Ms. Adams and Mr. Angle were awesome, in the true sense of the word. Mr. Angle is a
known quantity, but his seamless partnering – essential to make the short duet work –
displayed ability beyond anything I’ve seen him do previously. For Ms. Adams, who was
selected for the role and coached by Ms. Whelan, ‘extraordinary’ isn’t a strong enough
word to describe her performance – she was the embodiment of naked spirituality. [Ms.
Adams’s costume was a leotard that appeared transparent except for strategically placed
covered areas. The resulting appearance was not at all salacious – on the contrary, the

costume emphasized the purity of the force that she embodied.] I concede that I have not
previously noticed Ms. Adams – I expect to pay more attention to her performances in
the future.

The balance of the program was not quite as remarkable. I have a bias against
seeing ‘excerpts’ of pieces (with the possible exception of classic pas de deux), and the
remainder of the program consisted of excerpts from greater wholes: the pas de deux
from “Agon;” a pas de deux from Angelin Preljocaj’s “La Stravaganza,” a piece with
which I am not familiar; and “Rubies,” a free-standing gem from “Jewels.”

Amar Ramasar and Megan LeCrone, another of NYCB’s extraordinarily talented
members of the corps, danced the “Agon” pas de deux to perfection.
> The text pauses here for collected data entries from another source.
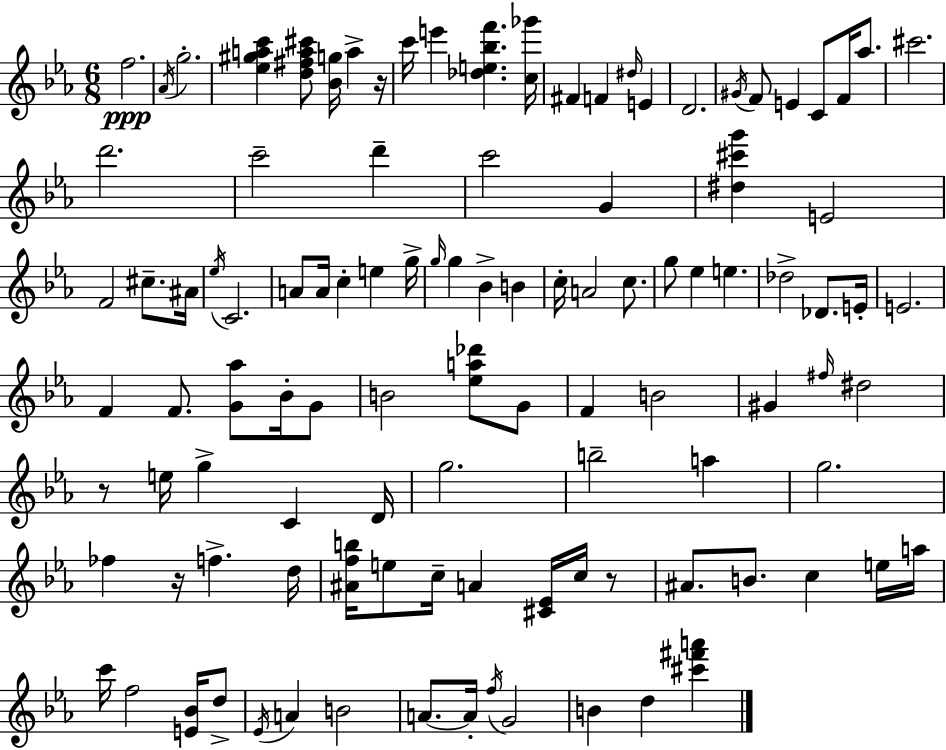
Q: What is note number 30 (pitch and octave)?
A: A4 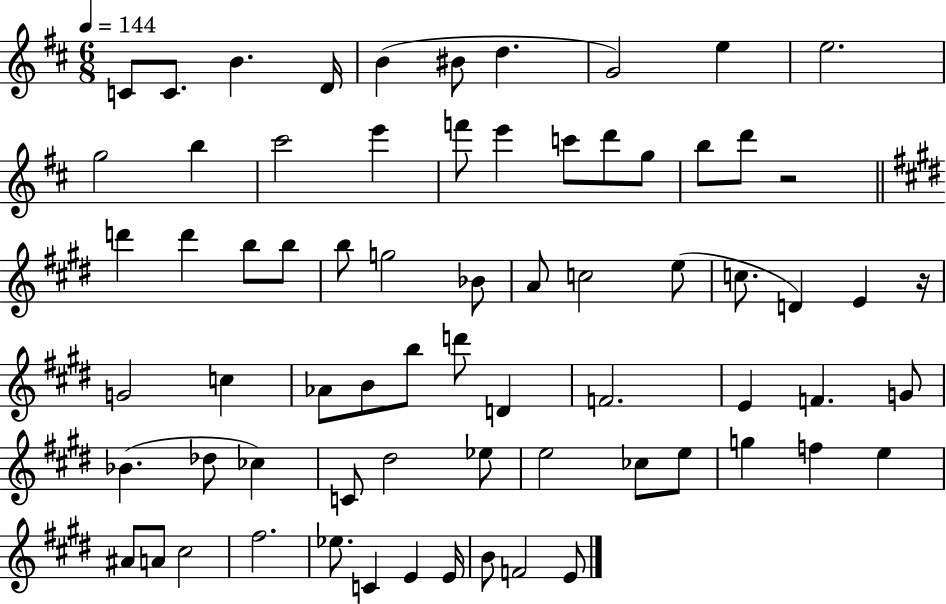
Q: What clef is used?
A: treble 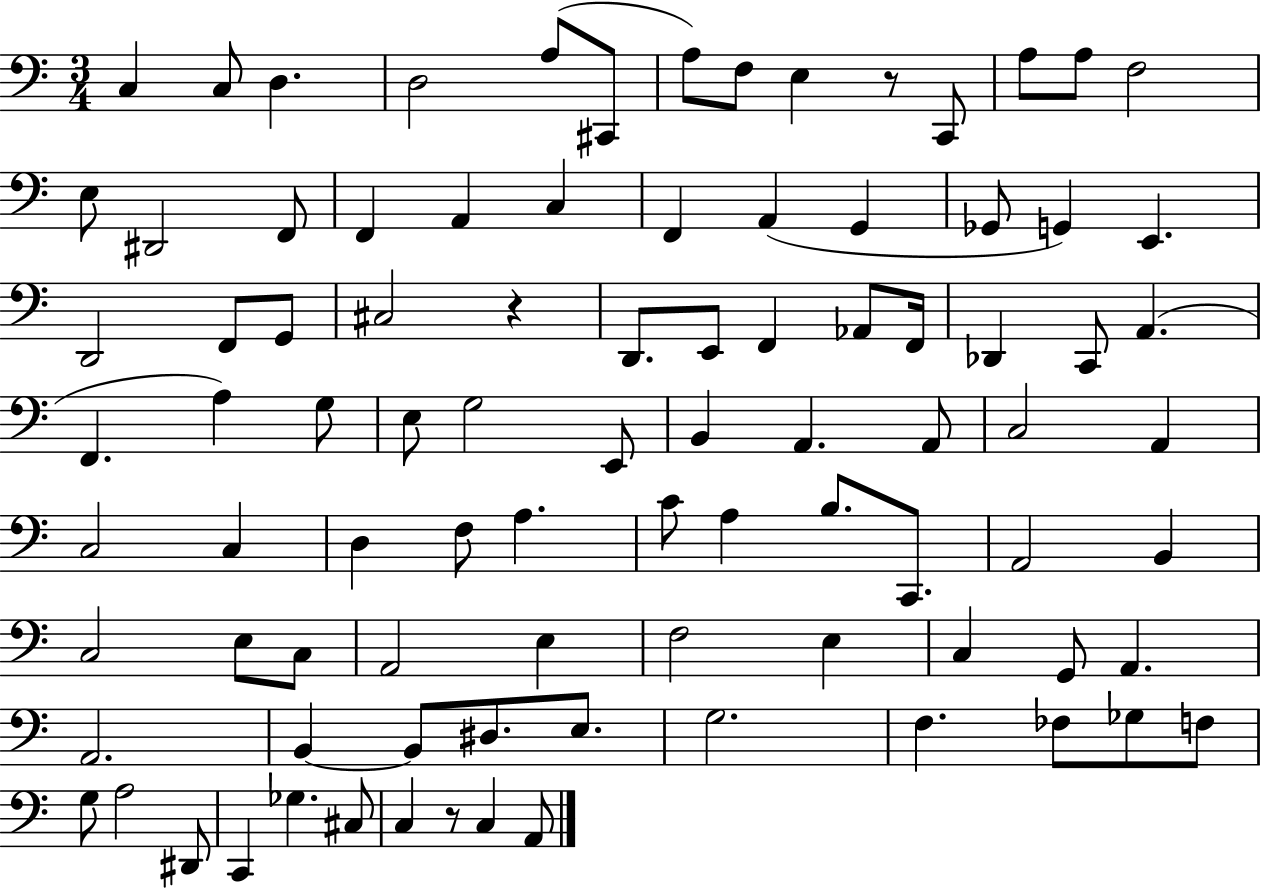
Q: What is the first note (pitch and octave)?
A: C3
The pas de deux
from “La Stravaganza” appeared to be well-performed also (by Gretchen Smith and
Robert Fairchild), but other than displaying some sort of mysterious attraction to each
other and rolling on the stagefloor, out-of-context it was meaningless to me – not because
it didn’t have a meaning, but because it obviously had one that was not comprehensible
from the pas de deux alone.

The evening concluded with “Rubies,” led by Janie Taylor, Sean Suozzi (in his debut in
the role), and Teresa Reichlen (Sara Mearns was scheduled to debut in Ms. Reichlen’s
role, but did not perform). Ms. Taylor and Mr. Suozzi danced their roles well, but
without the pizzazz I saw in the cast I reviewed previously. But Ms. Reichlen’s
performance somehow was even better than her performance the previous week. Perhaps
because it was the final performance of the season, but Ms. Reichlen was noticeably
more relaxed, and more sensual – though that hardly seems possible. It was a jewel of a
performance, and a perfect way to end the evening, and NYCB's Spring season.